There is reason to believe that the lift enhancing effects of the Weis-Fogh
mechanism could increase with decreasing Re. Using two-dimensional
computational fluid dynamics, we have determined that the lift coefficients
generated during translation are lower for Re<32 than for
Re>64 (Miller and Peskin,
2004). Wu and Sun
(2004) also found that lift
coefficients were greatly reduced for Re<100 in three-dimensional
simulations without clap and fling. This drop in lift corresponds to a change
in the behavior of the vortex wake. For Re=64 and above, a leading
edge vortex is formed and at least initially remains attached to the wing. The
trailing edge vortex is formed and shed from the wing. The stability of the
attached leading edge vortex appears to vary with several factors, one of
which is the dimensionality of the flow. In two dimensions, leading and
trailing edge vortices are alternately shed forming the von Karman vortex
street (Dickinson and Götz,
1993; Birch et al.,
2004; Miller and Peskin,
2004). The real situation of insect flight differs from the
two-dimensional model in at least two ways: the insect wing has finite span,
and its motion involves rotation about the dorsal–ventral axis of the
insect. In the three-dimensional rotating motion, the leading edge vortex
appears to remain attached for all time
(Usherwood and Ellington,
2002). Birch et al.
(2004) also observed a stable
attached leading edge vortex for Re=120 and Re=1400 using a
dynamically scaled robotic insect. For Re=32 and below, both leading
and trailing edge vortices are formed and remain attached to the wing
(Miller and Peskin, 2004), and
the leading edge vortex is more diffuse than the higher Re case
(Wu and Sun, 2004). The drop
in lift for lower Re is related to a loss of asymmetry in the
vortical pattern behind the wing. A similar transition has been observed for
thrust generation in flapping flight
(Childress and Dudley, 2004;
Vandenberghe et al.,
2004).
For these lower Re (32 and below), lift might be enhanced during
translation by `regaining' vortical asymmetry through clap and fling. In the
case of pure translation, equally sized leading and trailing edge vortices (by
the principle of conservation of vorticity) are formed at the beginning of the
stroke and remain attached to the wing until stroke reversal. During clap and
fling, two equally sized large leading edge vortices are formed, and no
trailing edge vortices are formed initially. Presumably, trailing edge
vortices will form and grow in strength during translation, reaching the same
strength as the leading edge vortices after a sufficient amount of time.

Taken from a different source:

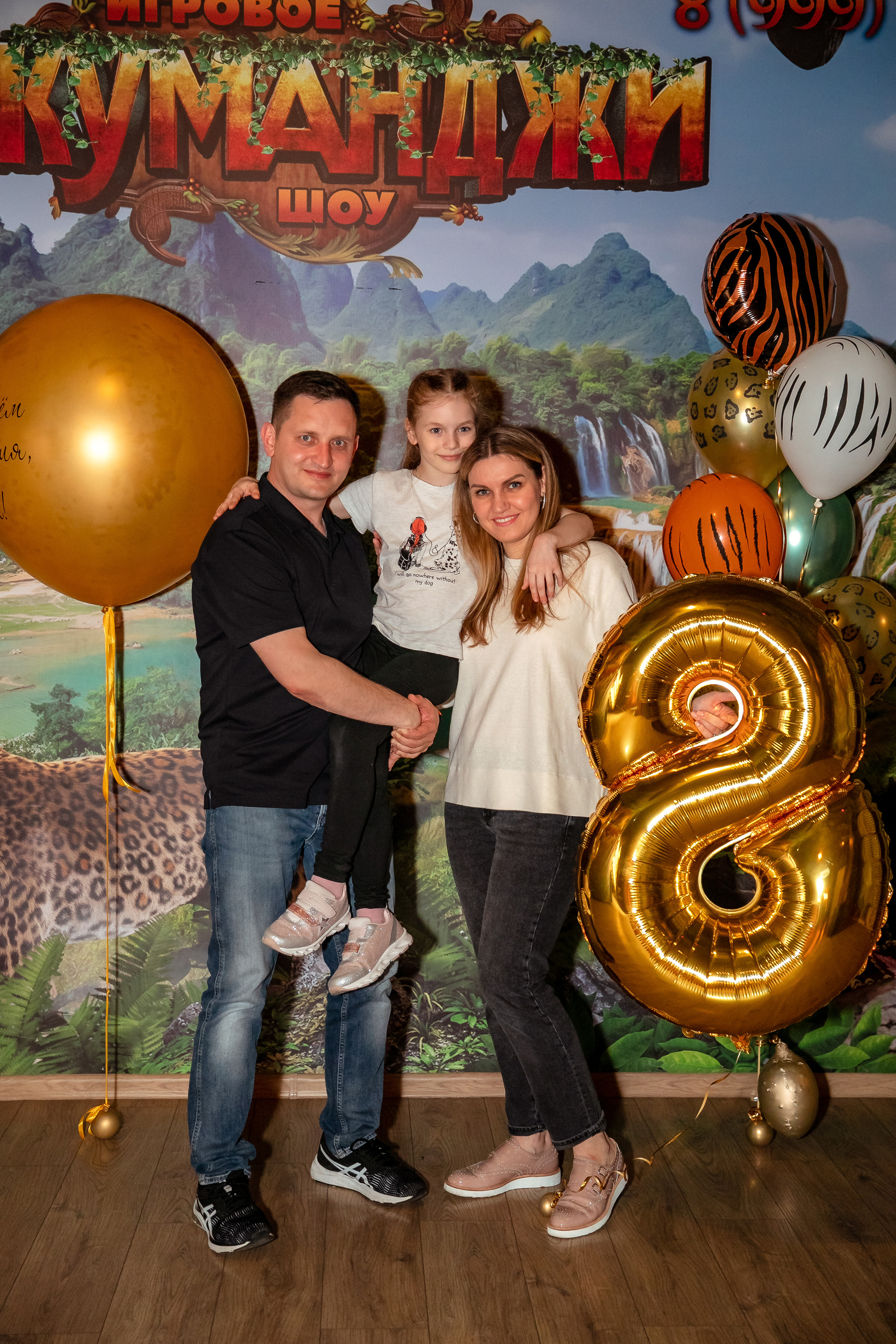 8-летие Евы. Дарья Бухреева — фотограф, видеограф и фототерапевт. Москва и мир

However, transient asymmetry between the leading and trailing edge vortices
should be produced by fling. This asymmetry in the vortical field should lead
to larger lift forces than in the case of pure translation.
In this paper, a two-dimensional version of clap and fling is studied for
Re ranging from 8 to 128, using the immersed boundary method. Two
motions are considered: `clap' and `fling'. Clap was modeled as a motion
similar to that of Fig. 1A, and
was divided into three stages: acceleration from rest at constant angle of
attack, translation, and rotation about the leading edge. Fling was modeled as
a motion similar to that of Fig.
1B, and was divided into two stages: rotation about the trailing
edge and translation. The first set of simulations corresponds to fling and
the downstroke. The second set of simulations corresponds to the upstroke,
clap, fling, and the subsequent downstroke. The lift forces generated per
wing for each Re were compared to the lift forces generated in
the case of one wing moving with the same motion.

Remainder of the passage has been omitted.